Negatif alanın doğru kullanımı
(A1 Lofts and Extensions / homify.com.tr)
Negatif alan, temelde boş alanlara verilen tasarımsal isimdir ve negatif alanın doğru kullanımı ile boş alanları tasarımda kullanarak harika bir etki yaratabilirsiniz. Evinizin her köşesini dolu dolu kullanmak, boş yerlere de mobilya ya da aksesuarlar yerleştirmek cezbedici görünebilir ancak aslında bu çok da doğru bir dekorasyon tekniği değil. Evinizde kasıtlı olarak negatif alanlar oluşturarak kaliteli ve çekici bir dekorasyon yaratabilirsiniz. Üstelik negatif alanın doğru kullanımıyla hem sıkıcı ve boğucu bir dekorasyon ihtimalini ortadan kaldırmış oluyorsunuz, hem de çok daha zarif ve karakteristik bir görünüm elde ediyorsunuz. Evinizde negatif alan yaratmak aslında her köşeyi dekoratif elemanlarla süslemekten daha zordur. Ancak aslında basit bir mantığı var; üzerinde vazolar ve biblolar olan bir masayı ele alalım; eğer bu vazolar ve biblolar ortadan kalktığında hâlâ son derece şık ve estetik görünüyor mu? O halde masanın üzerindeki aksesuarları kaldırmak odayı ferahlatacak, minimal bir estetik yaratacak ve dağınık ve yorucu enerjiye son verecektir. Oturma odanızın kullanılmayan köşesinde işlevsiz bir mobilya mı var? Mobilyayı kaldırdığınızda ardındaki duvarın yalın enerjisinin çok daha iç açıcı ve pozitif olacağına emin olabilirsiniz.
Katmanlı bir ışıklandırma
(Arquitectura En Proceso / homify.com.tr)
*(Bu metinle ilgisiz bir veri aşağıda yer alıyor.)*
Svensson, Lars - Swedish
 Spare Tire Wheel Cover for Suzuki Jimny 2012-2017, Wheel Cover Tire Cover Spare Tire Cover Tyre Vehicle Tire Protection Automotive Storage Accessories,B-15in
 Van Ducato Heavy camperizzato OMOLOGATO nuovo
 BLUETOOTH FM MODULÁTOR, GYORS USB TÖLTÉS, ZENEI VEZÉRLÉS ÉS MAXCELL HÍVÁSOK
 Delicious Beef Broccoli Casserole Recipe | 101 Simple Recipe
Aydınlatma her ne kadar dekorasyonda pek ön plana çıkarılmasa da bir evi güzelleştiren veya çirkinleştiren en önemli tasarım unsurlarının başında geliyor. Aydınlatmanızı katmanlı bir şekilde tasarlar ve doğru bir şekilde uygularsanız evinizin dokusunun ve karakterinin çok daha profesyonel ve şık görüneceğine emin olabilirsiniz. Peki katmanlı ışıklandırma ne demek? Işıklandırma unsurlarını üç ayrı kategoriye ayırabiliriz: ortam aydınlatması, görev aydınlatması ve vurgu aydınlatması. Bir yaşam alanının mükemmel bir aydınlatma ve dekorasyona sahip olması için bu üç katmanın da bir arada bulunması gerekir. Ortam aydınlatması; odayı genel olarak aydınlatan, genellikle tavan avizeleri ile sağlanan aydınlatma türüdür. Dekorasyonlarda yapılan en büyük hatalardan biri de ortam aydınlatması elemanının yegane ışıklandırma unsuru olmasıdır. Oysa ortam aydınlatmasına eşlik edecek görev ve vurgu aydınlatmalarıyla hem çok daha fonksiyonel ve kullanışlı hem de çok daha estetik alanlar ortaya çıkıyor. Görev aydınlatması dediğimiz ışıklandırma kategorisi belirli bir amaç ve fonksiyon doğrultusunda spesifik bir görev üstlenen aydınlatmadır. Okuma, makyaj, yemek gibi faaliyetleri daha kolay yapmayı sağlar. Masa lambaları, küçük lambaderler, tuvalet aynası lambaları ve abajurlar bu gruba girer. Vurgu aydınlatmaları ise belirli objeleri, evin belirli bir yerini ya da mobilyaları vurgulayan dekoratif aydınlatmalardır. Spot ışıklar, duvar aplikleri, tabloların üzerine yerleştirilen elemanlar da bu gruba girer.